La ristorazione, un settore chiave

La consapevolezza che il lavoro sia “uno dei principali canali di inclusione nella società contemporanea”, dunque, è piena. “Per le persone con disabilità – rimarcano i commissari –, accedere a un contesto lavorativo protetto significa non solo ottenere un reddito, ma soprattutto sviluppare competenze, costruire relazioni, affermare la propria dignità e partecipare alla vita collettiva. È in quest’ottica che i laboratori protetti svolgono un ruolo cruciale”. Ed è qui che si inserisce la ristorazione come “ambito professionale che si presta in modo naturale all’inclusione”. Tutto ciò, si richiama nel rapporto – condiviso da tutti, tranne Stefano Tonini, tra i primi firmatari della Petizione –, avviene grazie all’“alta densità relazionale”, nonché ai “compiti diversificati e adattabili” e al “valore simbolico e culturale del cibo” insisti in questa realtà. La Commissione non manca di citare uno studio del 2010 dell’Organizzazione mondiale della sanità (Oms), secondo il quale “i contesti lavorativi basati su attività manuali e relazionali – come la ristorazione – possono avere un impatto altamente positivo sul benessere mentale e sull’autostima, in particolare per le persone con disabilità o con disturbi dello spettro autistico”. Allo stesso modo, si sottolinea, anche l’Organizzazione per la sicurezza e la cooperazione in Europa (Osce) mette in risalto i vantaggi dei “settori ad alta intensità di contatto umano”. Insomma, la ristorazione “si configura come uno spazio concreto in cui l’inclusione è visibile, quotidiana e partecipata”.

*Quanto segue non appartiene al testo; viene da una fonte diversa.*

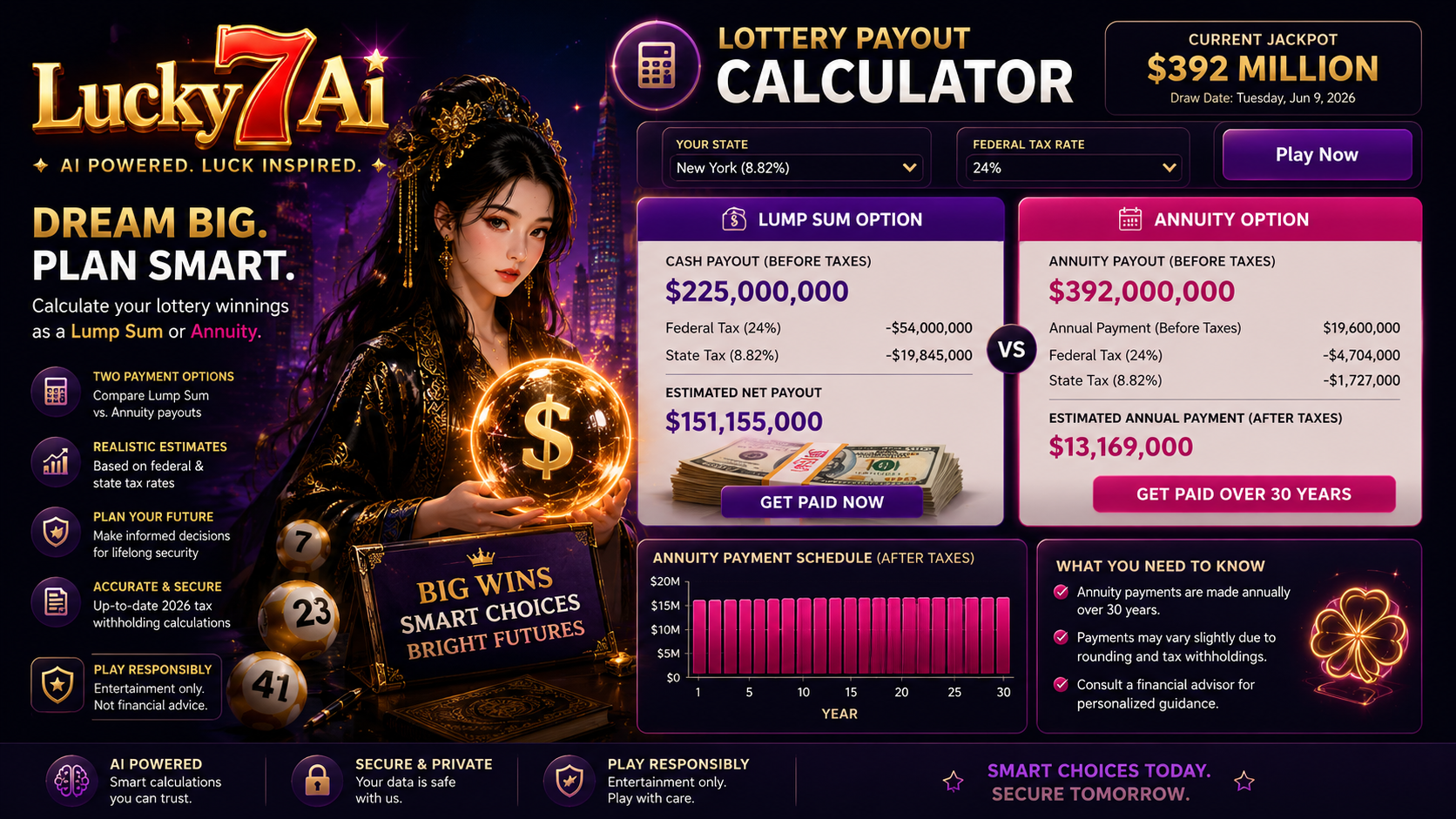 Lottery lump sum vs annuity calculator and tax breakdown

Gli ‘esempi virtuosi’ e le sfide

Di fatto gli esempi “virtuosi” non mancano. I commissari fanno riferimento, dentro i nostri confini, al ristorante Vallemaggia a Locarno gestito da Pro Infirmis Ticino e al bar Al Bel di Bellinzona sempre della Fondazione Diamante, al di fuori a PizzAut, nata da un’intuizione di Nico Acampora, e ai Ragazzi di Sipario a Firenze. Certo, si rende attenti, “avviare e mantenere un progetto di ristorazione inclusiva comporta alcune sfide: sostenibilità economica, continuità formativa, turnover del personale, adeguamento alle normative”. Ecco che, quindi, serve il sostegno di “politiche pubbliche mirate, incentivi strutturati e un forte radicamento comunitario”. Fare economia sociale è possibile, ma facendo squadra. L’auspicio finale? Che “le istituzioni pubbliche continuino a sostenere tali iniziative attraverso partenariati, visibilità e strumenti normativi efficaci”.